** Source data follows **

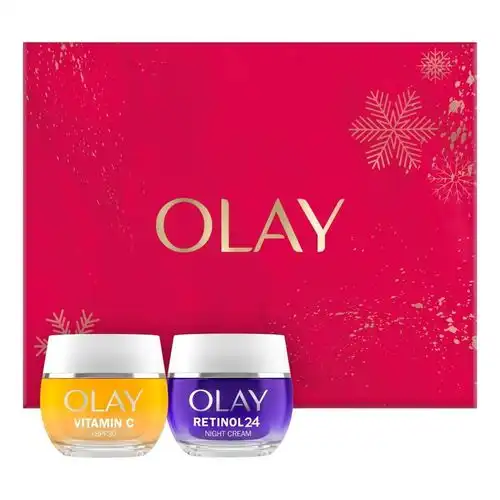 Piel Luminosa y Renovada Estuche 50 ml Crema de Día - Olay - Comparador de precios
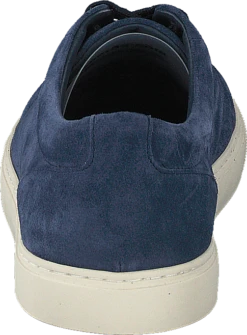Cooper Suede E Navy -Duffy kauppa 60214 36 4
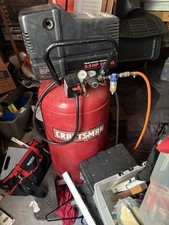 gal craftsman compressor 60 for sale gal craftsman compressor 60 for sale Worcester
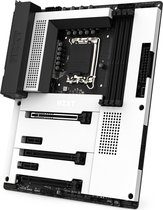 NZXT N7 Z790 - Moederbord - ATX - Socket LGA1700 - Intel Z790 - DDR5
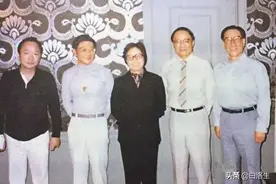 别人眼中的古龙图片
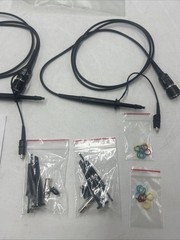 NEW Teledyne LeCroy passive probes PP020 QTY 2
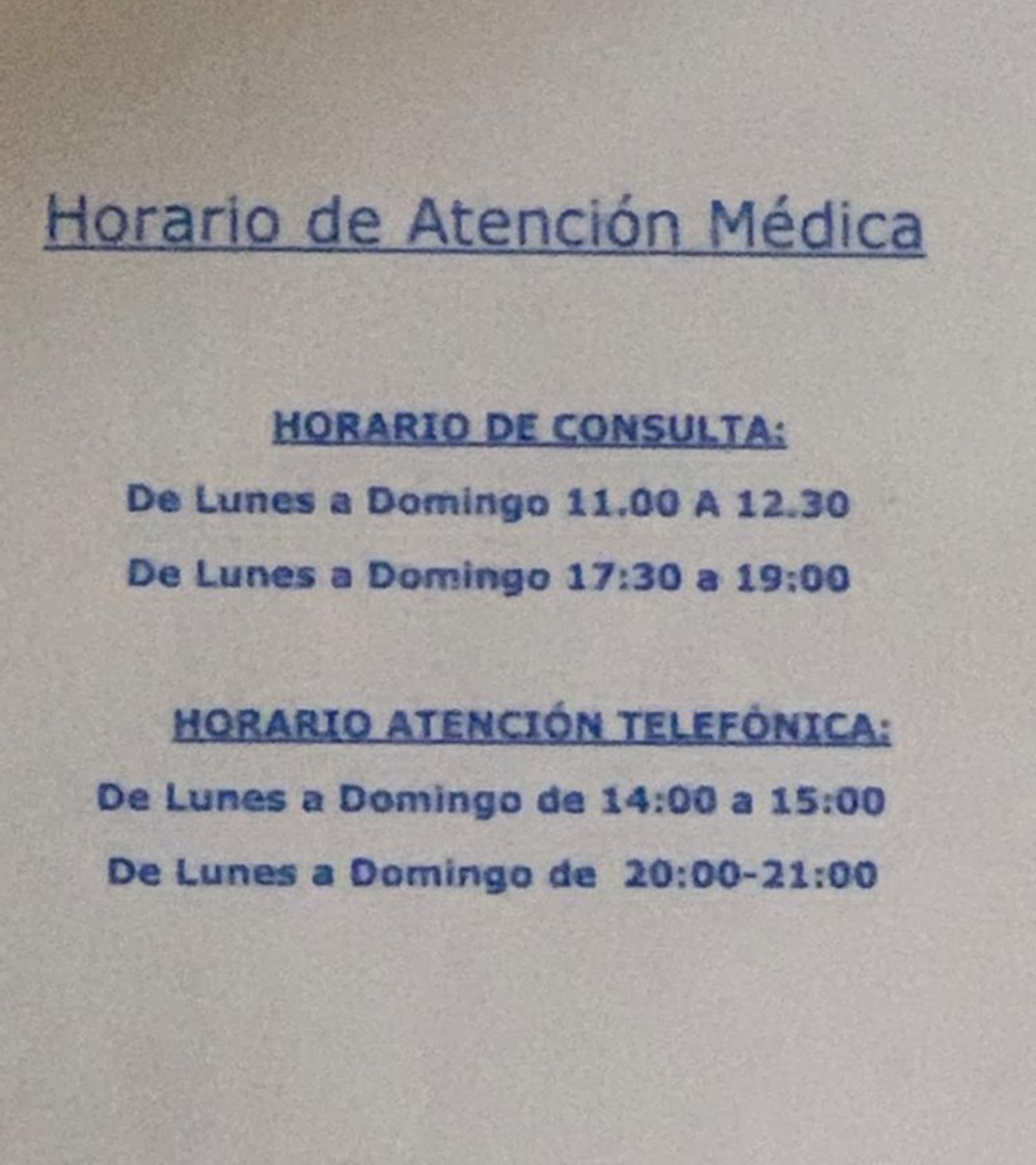 "Más de 16 compañeros de mi residencia han muerto y hoy estamos sin médico"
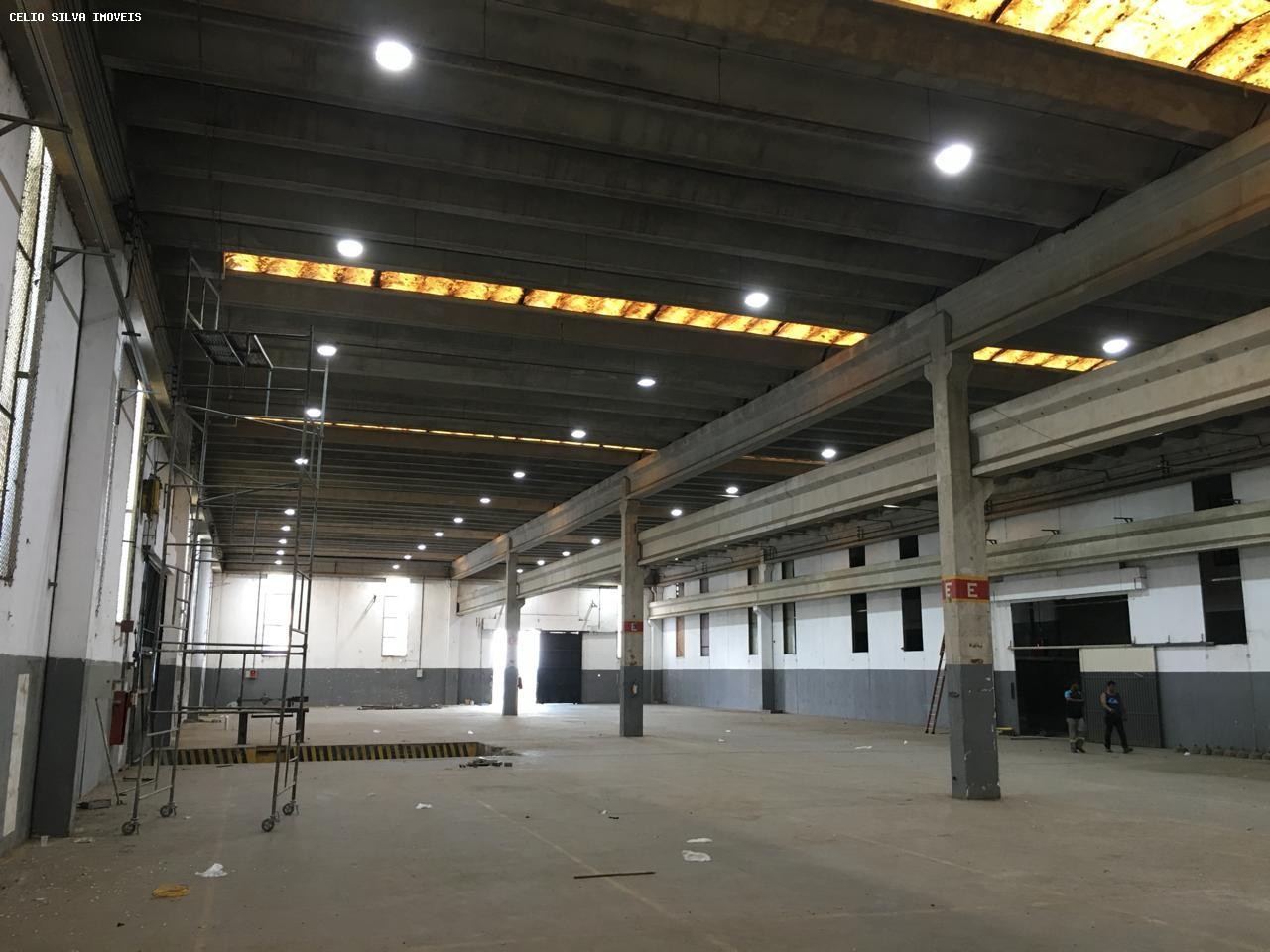 Depósito-Galpão - Foto 4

** End of Source data **

Work to complete ::
Repeat the lines above precisely and skip every picture.

Result of this task ::
 Piel Luminosa y Renovada Estuche 50 ml Crema de Día - Olay - Comparador de precios
Cooper Suede E Navy -Duffy kauppa 60214 36 4
 gal craftsman compressor 60 for sale gal craftsman compressor 60 for sale Worcester
 NZXT N7 Z790 - Moederbord - ATX - Socket LGA1700 - Intel Z790 - DDR5
 别人眼中的古龙图片
 NEW Teledyne LeCroy passive probes PP020 QTY 2
 "Más de 16 compañeros de mi residencia han muerto y hoy estamos sin médico"
 Depósito-Galpão - Foto 4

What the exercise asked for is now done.